Aspose.OCR for .NET is specifically designed to recognize all types of images out-of-the-box and can be further fine-tuned to handle even the low-quality photos. Combined with a modern smartphone, it allows you to create powerful OCR applications for most everyday scanning and text recognition tasks. The most advanced image processing and document structure analysis are performed in a few lines of code, allowing you to focus on business rather than complex mathematical algorithms, neural networks and other technical intricacies.

Photo OCR - C#

// Configure preprocessing filters
PreprocessingFilter filters = new PreprocessingFilter {
  PreprocessingFilter.ContrastCorrectionFilter(),
  PreprocessingFilter.AutoDewarping()
};

// Add a photo for recognition
OcrInput photos = new OcrInput(InputType.SingleImage, filters);
photos.Add("photo.png");

// Fine-tune recognition setings
RecognitionSettings settings = new RecognitionSettings();
settings.Language = Language.Eng;
settings.DetectAreasMode = DetectAreasMode.CURVED_TEXT;

// Extract text from a page
AsposeOcr api = new AsposeOcr();
List<RecognitionResult> results = api.Recognize(photos, settings);

// Automatically correct spelling (English)
string text = results[0].GetSpellCheckCorrectedText(SpellCheckLanguage.Eng);
// Display recognized text
Console.WriteLine(text);

Create a searchable PDF from the scan

PDF is one of the most popular formats for scanning paper documents, especially due to its ability to combine multiple pages into a single file. This format is widely used for the exchange of contracts, invoices, legal documents, passports and ID cards, and many other documents between individuals, businesses, banks and government agencies. However, any scanned PDF is essentially a collection of images. It does not contain machine-readable text, so users cannot search, copy, or otherwise manipulate the document content.

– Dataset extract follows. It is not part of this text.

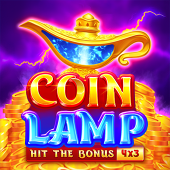 Coin Lamp lucky slot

Aspose.OCR for .NET offers you a fast, easy and highly reliable way to convert any scanned PDF into a fully searchable and indexable document. It accurately recognizes page content, converting it into a machine-readable text layer over the original image that can be selected, copied, read by text-to-speech software, and even automatically processed by translators, summarizers, and other AI-powered analytics tools.

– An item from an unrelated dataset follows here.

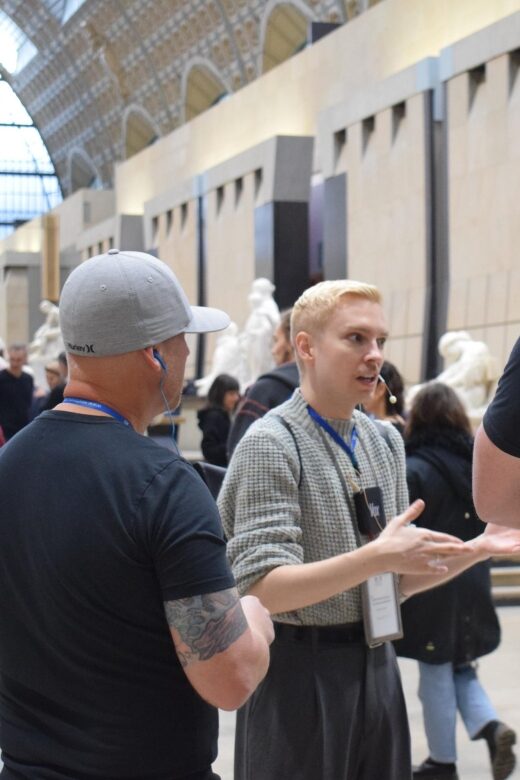 Paris: Best of Orsay Museum Small Group Tour with Tickets - What the Reviews Tell Us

Add text overlay to PDF - C#

// Load the scanned PDF
OcrInput pdf = new OcrInput(InputType.PDF);
pdf.Add("Delivery-Agreement.pdf");

// Recognize the text from document
AsposeOcr api = new AsposeOcr();
List<RecognitionResult> result = api.Recognize(pdf);

// Save searchable PDF
AsposeOcr.SaveMultipageDocument("Readable-Contract.pdf", SaveFormat.Pdf, result);
// Report progress
Console.WriteLine($@"Recognition finished. See '{Directory.GetCurrentDirectory()}\Readable-Contract.pdf'.");

Search for text in images

Digital archives, especially in large organizations, often consist of a vast collection of scans and photos, many of which may contain multi-page documents. Efficient management and organization of such archives effectively is essential for easy information retrieval and navigation. However, images do not contain machine-readable text, making it impossible to search and analyze document content.

Aspose.OCR for .NET allows you to easily search for text in images, regardless of the font, text size, style, and other parameters. The library also supports case-insensitive searches and regular expressions, which be extremely useful in various applications and industries. This functionality can be used for categorizing documents based on the content, keywords, or patterns found in the text; searching for specific terms or clauses within agreements and contracts; reorganizing files based on keywords or content found within them; locate and identify personal data within documents, making it easier to ensure GDPR compliance and manage sensitive information more effectively. Searching withing images also allows for creating automated workflows and streamline various business processes upon receiving signed contracts and invoices.

Search for text in images - C#

string sourceFolder = "images";
string searchFor = "OCR";

// Search for text in images
AsposeOcr api = new AsposeOcr();
foreach(var image in Directory.GetFiles(sourceFolder,"*.png"))
{
  bool found = api.ImageHasText(image, searchFor);
  if(found) Console.WriteLine($@"Found ""{searchFor}"" in image ""{image}""");
}